(DATA EXCERPTS begins)
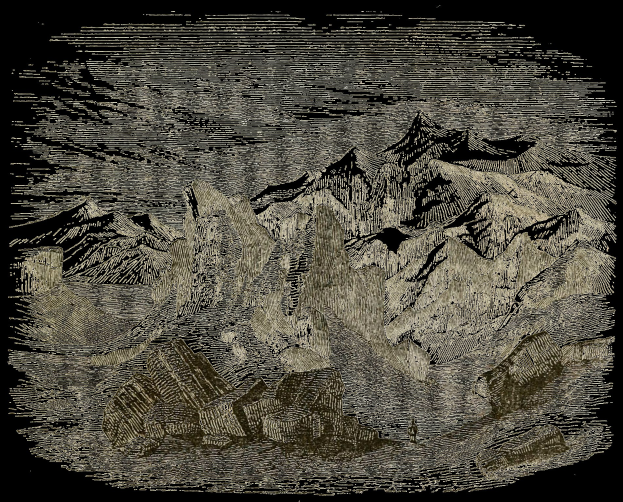 Schwarze und weiße Gravur eines Gebirgszuges mit Felsen im Vordergrund, einem Himmel im Hintergrund und dem Text "Mount Everest" unten.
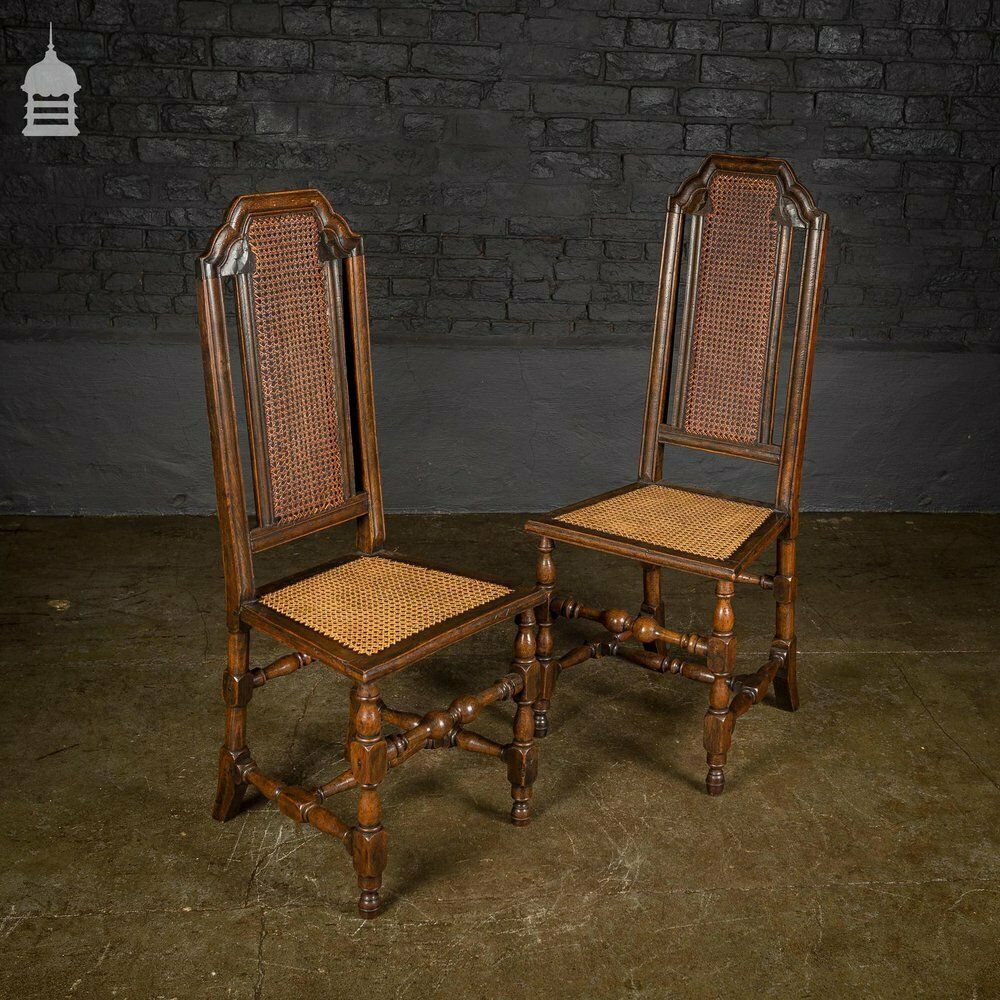 Pair Of 17th C Continental Fruitwood High Backed Hall Chairs photo Furniture
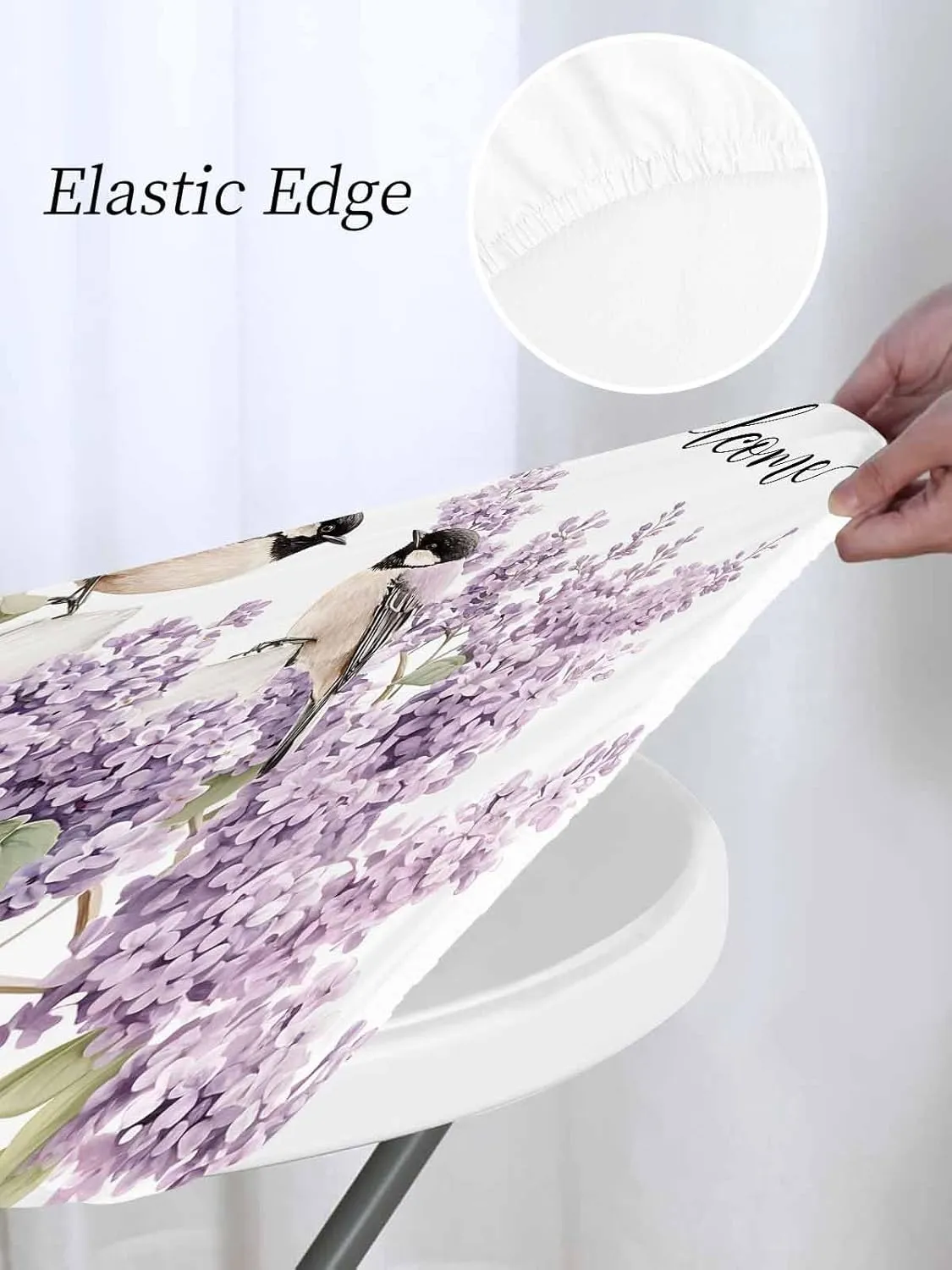 Round Fitted Tablecloth Farm Bird Purple Flowers Waterproof Table Cover for Indoor Outdoor Holiday Party Welcome Summer Lavender Leaves Elastic Edged Tablecloths Fit Up 45"-54" Tables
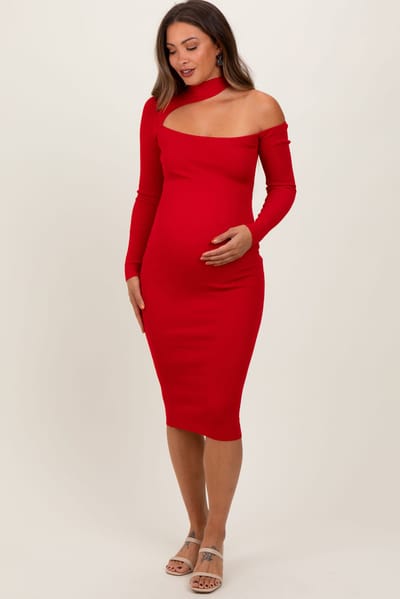 PinkBlush Red Mock Neck Cutout Maternity Fitted Midi Dress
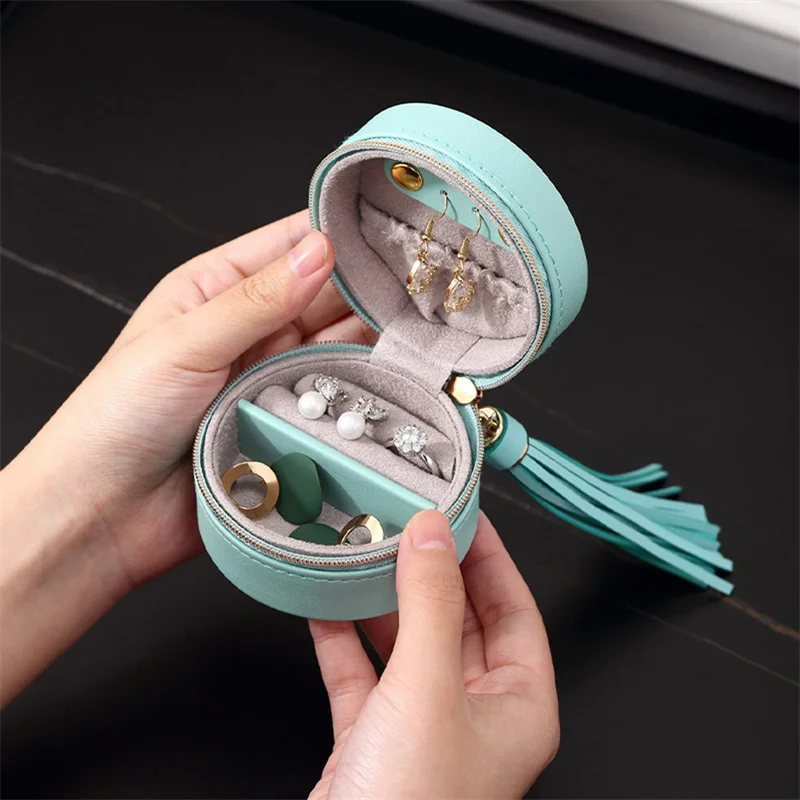 

Tassel Jewelry Box Mini Travel Jewelry Organizer Earring Ring Necklace Portable Packaging Case Mini Jewelry Storage Display Box
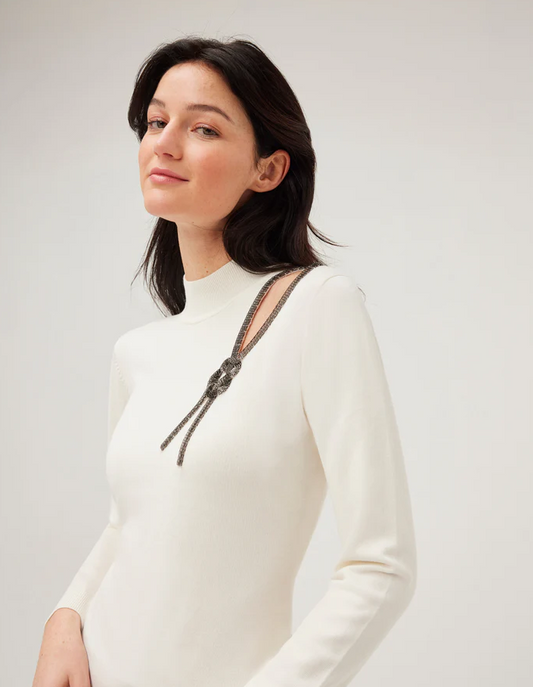 Mock Neck Sweater w. Metal Shoulder Cutout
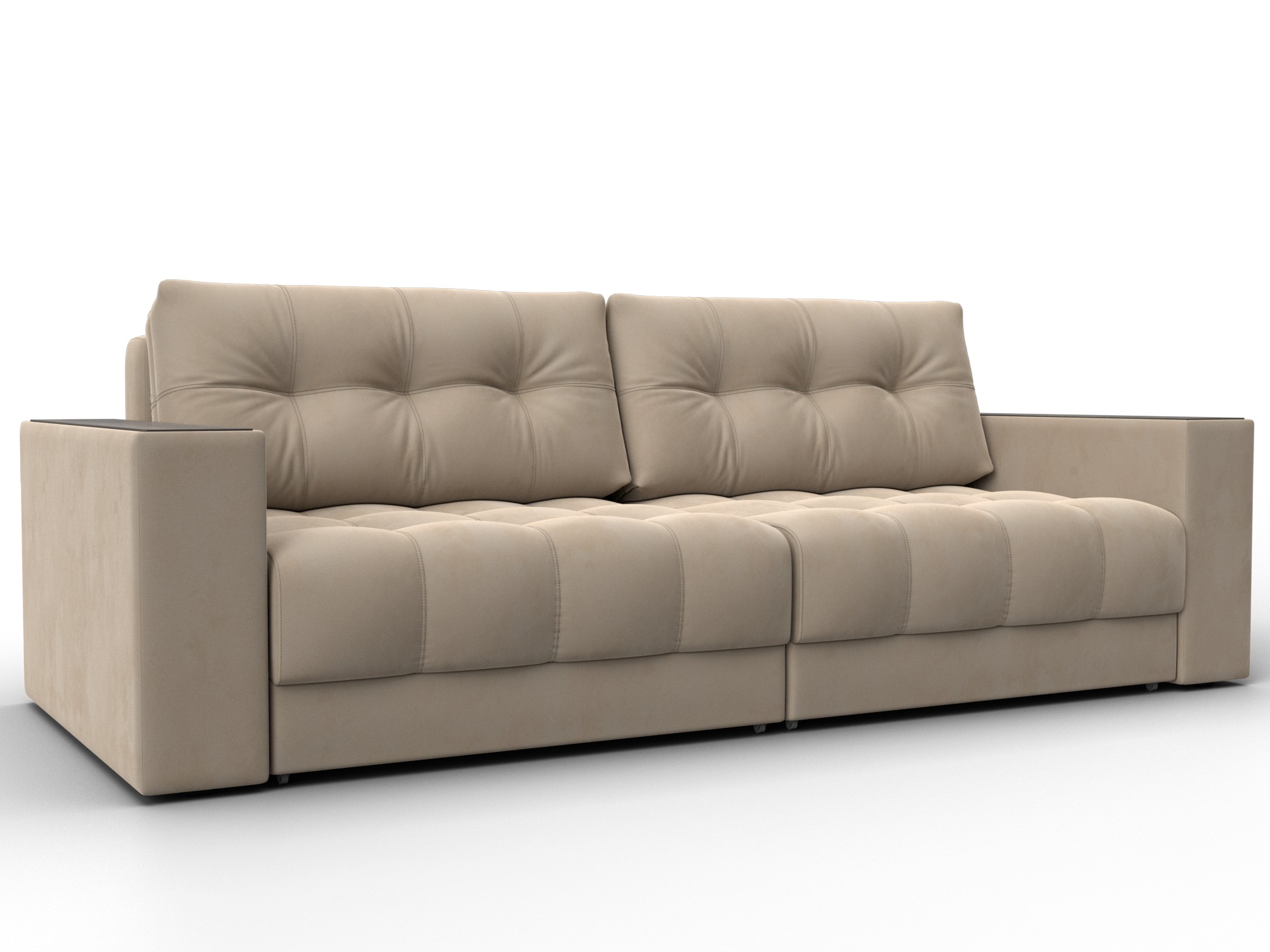 Диван прямой с декором Лига-049 НПБ (seven 729 бежевый)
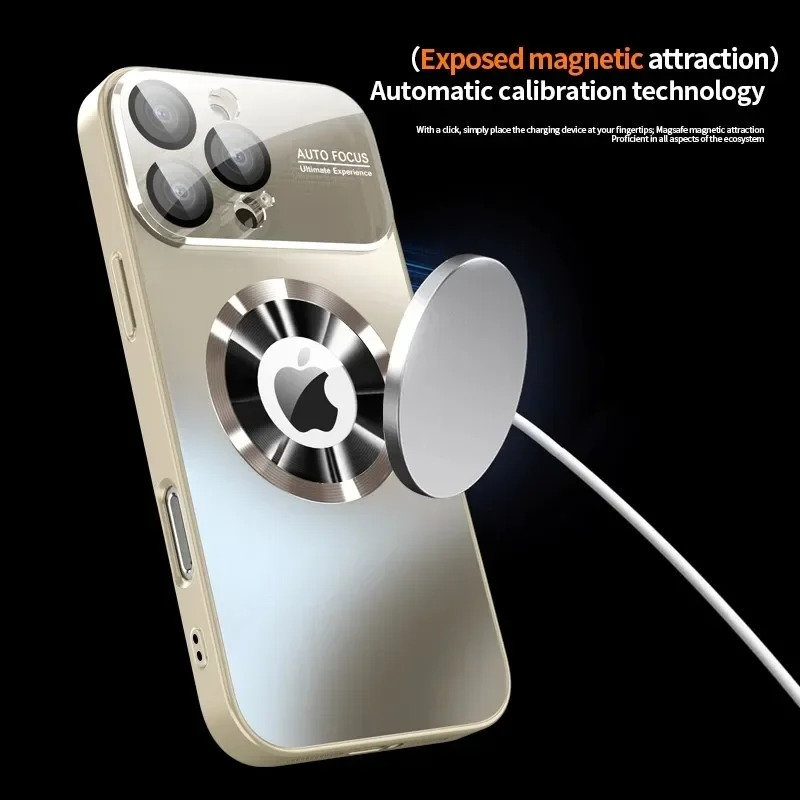 Luxury iPhone Case Titanium Metallic Matte Design — MagSafe Compatible with Glass Lens Protection, Slim Shockproof Anti-Fingerprint Scratch-Resistant Cover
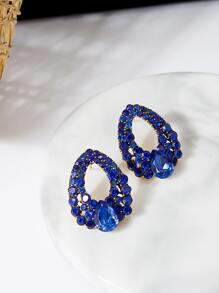 Rhinestone Decor Water Drop Design Stud Earrings - Blue - View 2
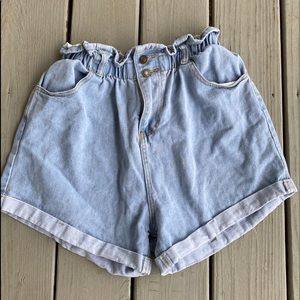 Blue Jean Elastic Waist Shorts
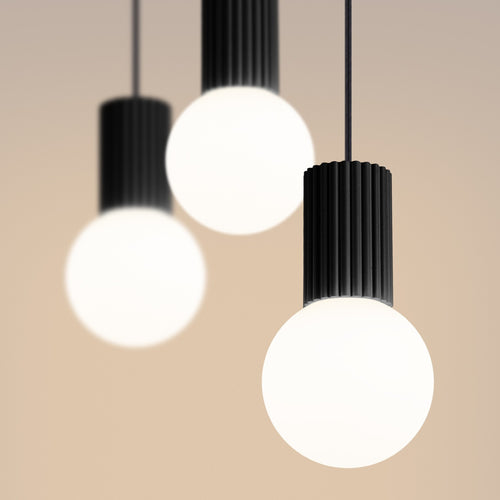 Sollux Lighting Hanglamp HALO 3L zwart - 40x6x120cm
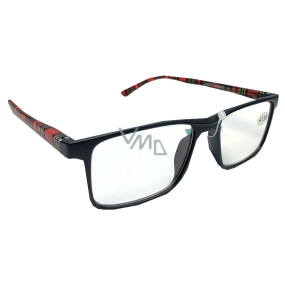 Berkeley Reading dioptric glasses +1.5 plastic black, red checkered side frames 1 piece MC2250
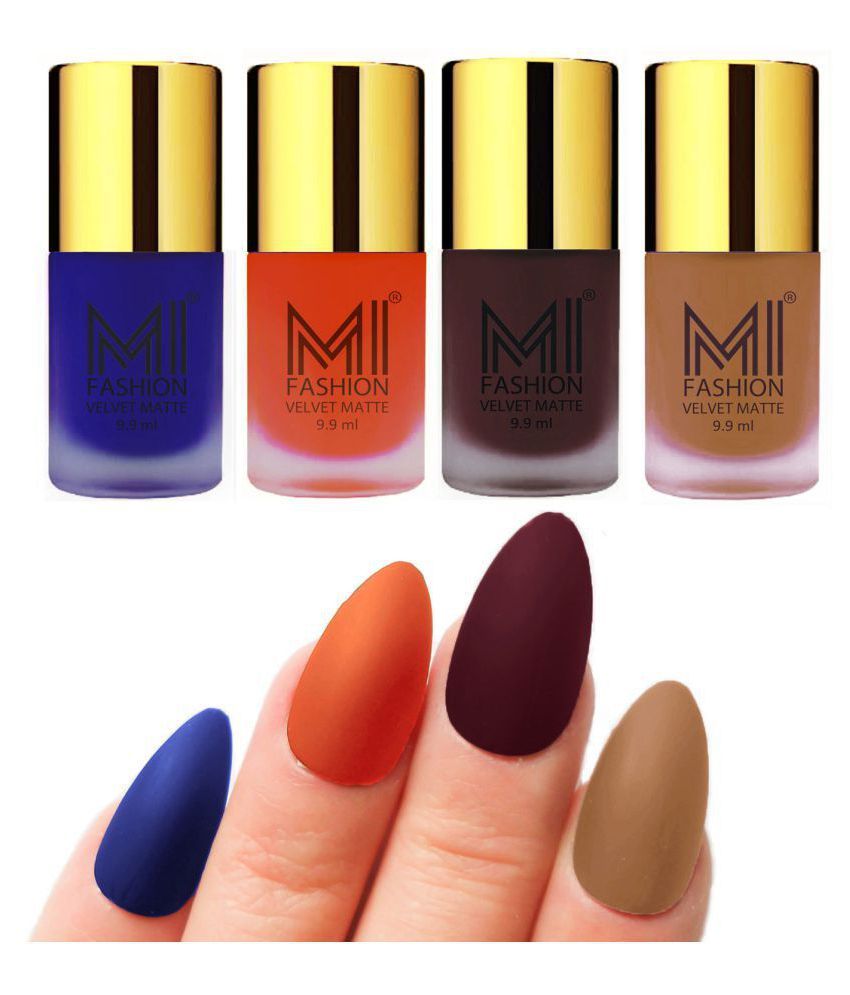     			MI FASHION Matte Nail Paint Set Combo Orange Nail Polish Wine,Nude Peacock Blue Matte Pack of 4 40 mL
(DATA EXCERPTS ends)
**YOUR INSTRUCTIONS**
What are the lines in the records above, word for word, from the one containing "PinkBlush Red Mock" through the one containing "Диван прямой с", both ends included and pictures left out?

**TASK RESPONSE**
 PinkBlush Red Mock Neck Cutout Maternity Fitted Midi Dress

Tassel Jewelry Box Mini Travel Jewelry Organizer Earring Ring Necklace Portable Packaging Case Mini Jewelry Storage Display Box
 Mock Neck Sweater w. Metal Shoulder Cutout
 Диван прямой с декором Лига-049 НПБ (seven 729 бежевый)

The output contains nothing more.